Supported Graph Characteristics

Unweighted edges

Homogeneous vertex types

The Jaccard index measures the relative overlap between two sets.

To compare two vertices by Jaccard similarity, first select a set of attribute values for each vertex.

For example, a set of values for a Person vertex could be the list of cities the person has lived in. The Jaccard index is computed for the two value sets.

The Jaccard index of two sets A and B is defined as follows:

\[Jaccard(A,B)=\frac{|A \cap B|}{|A \cup B|}\]

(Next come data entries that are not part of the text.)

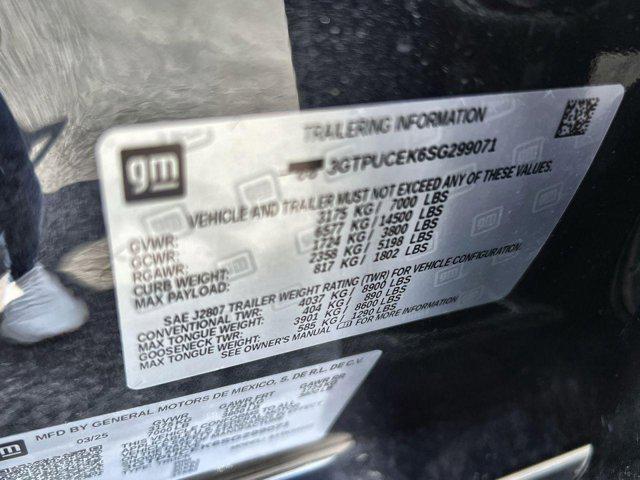 new 2025 GMC Sierra 1500 car, priced at $48,766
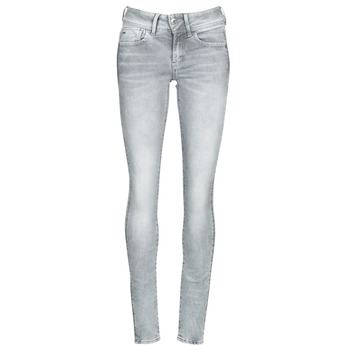 Kleidung Herren Röhrenjeans G-Star Raw LYNN MID SKINNY WMN Grau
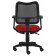 Кресло Бюрократ CH-797AXSN/26-22 спинка сетка черный сиденье красный 26-22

The value ranges from 0 to 1. If A and B are identical, then \(Jaccard(A, B) = 1\). If both A and B are empty, we define the value to be 0.

Specifications

tg_jaccard_nbor_ss (VERTEX source, STRING e_type, STRING reverse_e_type,
 INT top_k = 100, BOOL print_results = TRUE, STRING similarity_edge_type = "", STRING file_path = "")

Parameters

Parameter Description Default value

VERTEX source

Source vertex to calculate similarity from. Provide the vertex ID and type as a tuple: ("id","type")

N/A

STRING e_type

Edge type to traverse

(empty string)

STRING reverse_e_type

Reverse edge type to traverse

(empty string)

INT top_k

The number of vertex pairs with the highest similarity scores to return. Limits number of returned items.

100

BOOL print_results

Whether to output the final results to the console in JSON format

True

STRING similarity_edge_type

If provided, the similarity score will be saved to this edge

(empty string)

STRING file_path

If provided, the algorithm will save the output in CSV format to this file

(empty string)

Output

The top k vertices in the graph that have the highest similarity scores, along with their scores.

Vertices with a similarity score of 0 to the target vertex are not included.

The result is available in three forms:

  • streamed out in JSON format

  • written to a file in tabular format, or

  • stored as a vertex attribute value.

Result size

If there are several vertices with identical similarity scores and returning them all would exceed the limit imposed by top_k, the algorithm arbitrarily chooses which results to display.

Time complexity

This algorithm has a time complexity of \(O(D^2)\), where \(D\) is equal to the outdegree of the vertex.

Example

This example uses a Movie Rating graph consisting of Person and Movie vertices. There are Likes edges that are weighted according to how much the person liked the movie. Each person in the dataset liked at least one movie, but not all movies were liked by all people.

View of a graph illustrating Person vertices connected to Movie vertices by Likes edges.

Here we run tg_jaccard_nbor_ss("Neil", "Likes", "Reverse_Likes", 5):

[
  {
    "Others": [
      {
        "attributes": {
          "Others.@sum_similarity": 0.5
        },
        "v_id": "Kat",
        "v_type": "Person"
      },
      {
        "attributes": {
          "Others.@sum_similarity": 0.4
        },
        "v_id": "Kevin",
        "v_type": "Person"
      },
      {
        "attributes": {
          "Others.@sum_similarity": 0.2
        },
        "v_id": "Jing",
        "v_type": "Person"
      }
    ]
  }
]

When comparing similarity to Neil, Kat is ranked higher than Kevin. This makes intuitive sense, because Kat likes two movies, both of which were also liked by Neil. Kevin also likes two movies that Neil likes. However, Kevin also likes a third movie that Neil doesn’t like, and is therefore less similar than Kat was.

Although we set top_k to 5, only three vertices were returned because neither Alex nor Elena likes any movies that Kevin likes.

If the source vertex (Person) doesn’t have any common neighbors (Movies) with any other vertex (Person), such as Elena in our example, the result is an empty list:

Here we run tg_jaccard_nbor_ss("Elena", "Likes", "Reverse_Likes", 5):

[
  {
    "Others": []
  }
]